If the groundhog acts like a mensch, that’s a good sign -- even it's on an entirely overcast day.

But recall the lines written by various poets paying tribute to this season and its promise of good things to come including one who got his senses mixed up.

Calimlin:

I want to hear the warm sun
And feel that robin singing
Watch the scent of the flowers
And smell the butterflies flying
It’s spring, it’s spring.

Shakespeare described spring as a joyous time “when shepherds pipe on oaten straws…and merry larks are ploughmen’s clocks… when turtles tread and rooks, and daws  and maidens bleach their summer smocks.”

Sidney Lanier: “Come out, thou little song of Spring…Float in the blue skies ravishing…”

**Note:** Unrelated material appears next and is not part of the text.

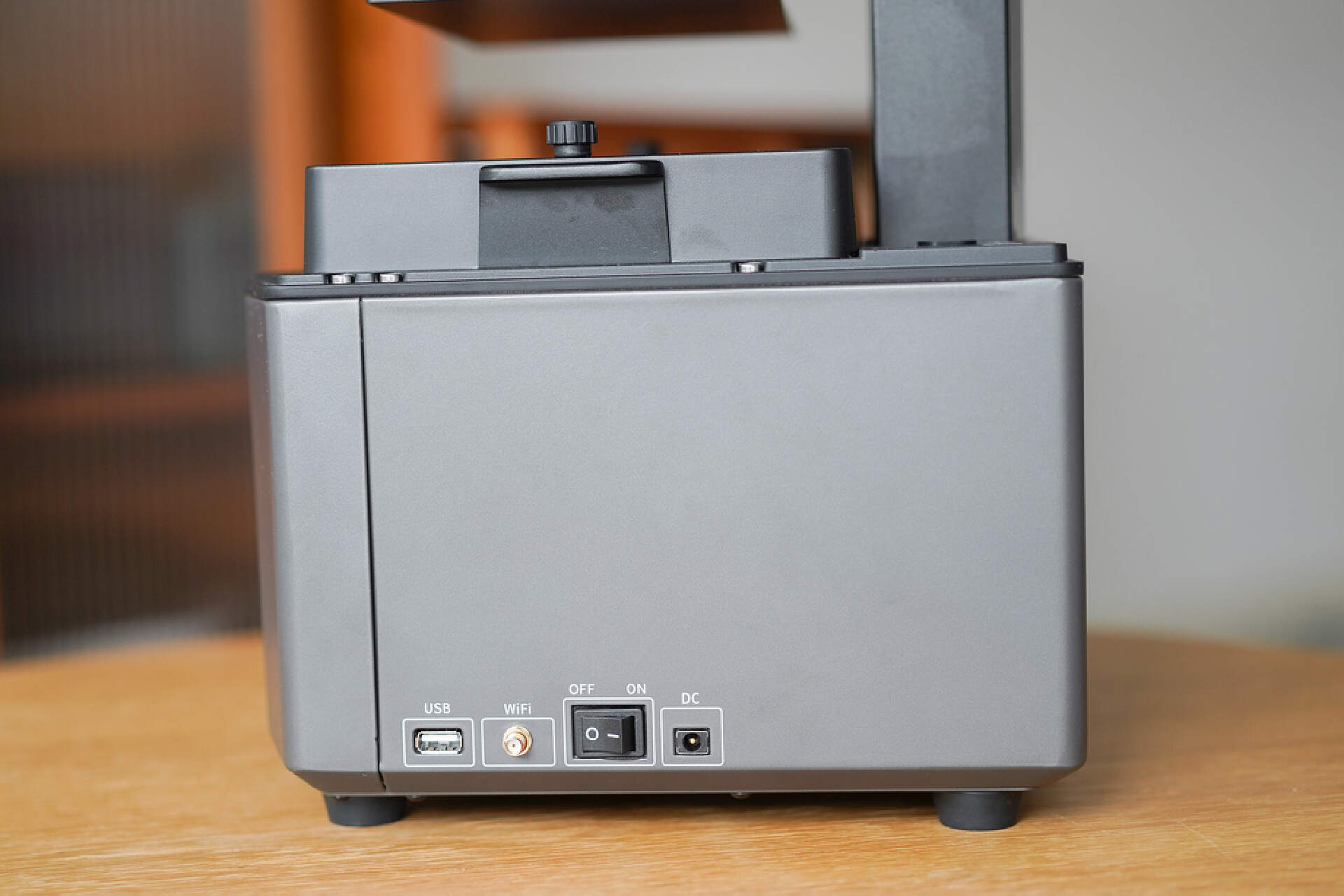 elegoo3d打印机测评,爱乐酷saturn3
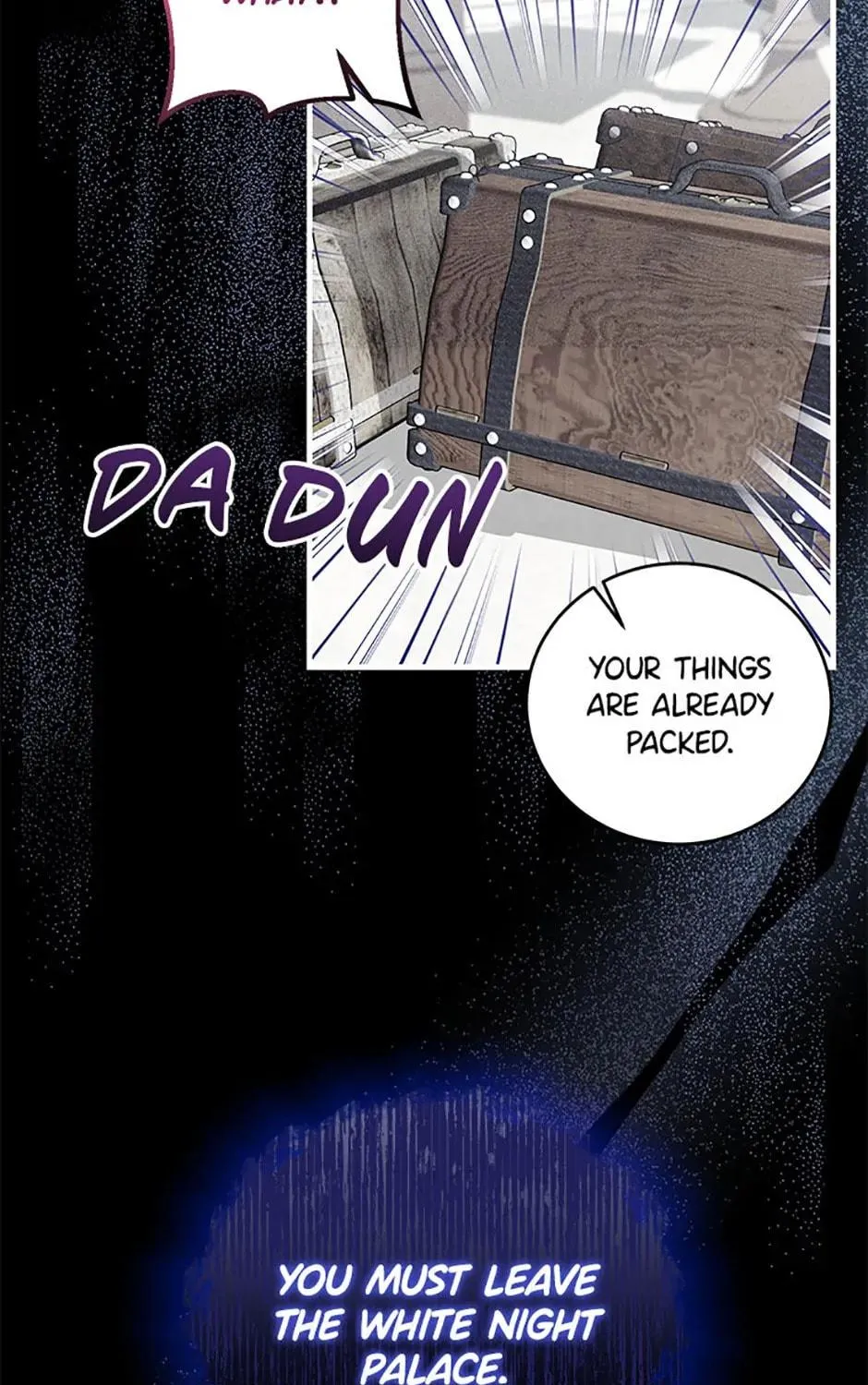 Baby Pharmacist Princess Chapter 14 page 109 -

Von Schiller: “Welcome, gentle Stripling
Nature’s darling thou! With thy basket full of blossoms...happy welcome now…”

Or, if you prefer Crosby and Sinatra and the songs of World War II vintage: “It’s spring again/And birds on the wing again/Start to sing again/the old melody/I love you/That’s the song of songs And it all belongs to you and me...”

So, buck up!  From the ice-glazed streets of Queens to the hills and rills of Riverdale, Spring is coming.

And soon we’ll hardly remember the ice and snowstorms, the chill Siberian winds that afflicted us in our grim winter. Spring springs eternal in the human heart.